La fuerza de la película no radica tanto en la exposición de este drama,
sino en la incitación a que el espectador se lo apropie interiormente. El
relato, que cuenta el desfondamiento de todo relato y su presunta vacuidad, se
ofrece como guión de las intentonas que cada espectador puede ir haciendo al
sentirse reflejado. Lo que destaca en ese guión es la confrontación entre la
comunicación y el silencio: de un lado el fracaso de la comunicación que aboca
en el silencio, hace del silencio el signo de la más impotente hostilidad. Así
cuando el protagonista ausente, el hijo que ha de morir se rebela contra su
padre con la peor de las maldiciones gritándole: “¡cállate¡”. Es el fracaso de
toda la vida, el punto de no retorno de la película. Luego el rememorar es un
angustioso silencio que sólo se sostiene con un preguntar silencioso e
incomunicable sin respuesta. Parece que se le da la razón a Wittgenstein cuando
proclamaba que lo más grave e importante rebasa los límites del lenguaje y por
ende del mundo.

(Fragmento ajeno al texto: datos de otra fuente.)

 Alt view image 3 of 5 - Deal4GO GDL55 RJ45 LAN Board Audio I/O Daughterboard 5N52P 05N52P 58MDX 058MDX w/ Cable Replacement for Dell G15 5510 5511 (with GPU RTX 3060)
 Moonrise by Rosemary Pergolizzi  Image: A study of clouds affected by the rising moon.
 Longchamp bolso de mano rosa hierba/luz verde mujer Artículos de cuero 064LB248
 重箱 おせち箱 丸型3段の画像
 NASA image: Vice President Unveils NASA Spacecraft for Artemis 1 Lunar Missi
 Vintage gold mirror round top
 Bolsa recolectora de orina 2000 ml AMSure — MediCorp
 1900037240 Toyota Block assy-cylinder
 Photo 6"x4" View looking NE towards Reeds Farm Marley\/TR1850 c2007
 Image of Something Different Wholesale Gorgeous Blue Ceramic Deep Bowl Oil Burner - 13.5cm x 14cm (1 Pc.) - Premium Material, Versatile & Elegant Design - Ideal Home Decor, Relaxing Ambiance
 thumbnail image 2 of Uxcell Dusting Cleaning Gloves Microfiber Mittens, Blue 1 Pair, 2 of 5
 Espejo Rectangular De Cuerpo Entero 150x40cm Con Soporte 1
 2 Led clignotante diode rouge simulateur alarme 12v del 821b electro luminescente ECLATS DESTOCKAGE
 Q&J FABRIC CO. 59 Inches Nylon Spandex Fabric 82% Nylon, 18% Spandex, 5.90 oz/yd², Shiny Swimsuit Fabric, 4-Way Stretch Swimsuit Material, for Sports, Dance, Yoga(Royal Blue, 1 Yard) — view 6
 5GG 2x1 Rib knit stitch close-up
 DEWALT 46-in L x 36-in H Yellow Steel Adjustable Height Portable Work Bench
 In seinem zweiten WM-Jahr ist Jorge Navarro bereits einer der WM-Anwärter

El autor sostiene narrativamente el silencio en las imágenes que
sugieren la trascendencia, los límites irrebasables desde los que el hombre se siente bombardeado sin
parapeto posible. Pero sobrelleva la esperanza con la musicalidad que susurra
siempre la posibilidad de una respuesta. El protagonista que trata de encontrar
un relato sólo puede ayudarse de fragmentos prestados del lenguaje bíblico ancestral
del que está formado buena parte de nuestro universo simbólico. En este intento
de recuperación algo empieza a tener significado. ¿Es la misma búsqueda de esta
comunicación consigo mismo lo que salva la comunicación humana, lo que revierte
la incomunicación en la que se hunde la existencia?. Las preguntas del
protagonista parecen ser las de la película y las del drama de la humanidad. El
autor ha puesto en acción la interrogación sobre la proporción entre el ritmo
de la vida humana y el ritmo del universo al que esta pertenece. Nada puede ser
más arriesgado de expresar, sobre todo cinematográficamente. Porque el
espectador necesita del cine para evadirse.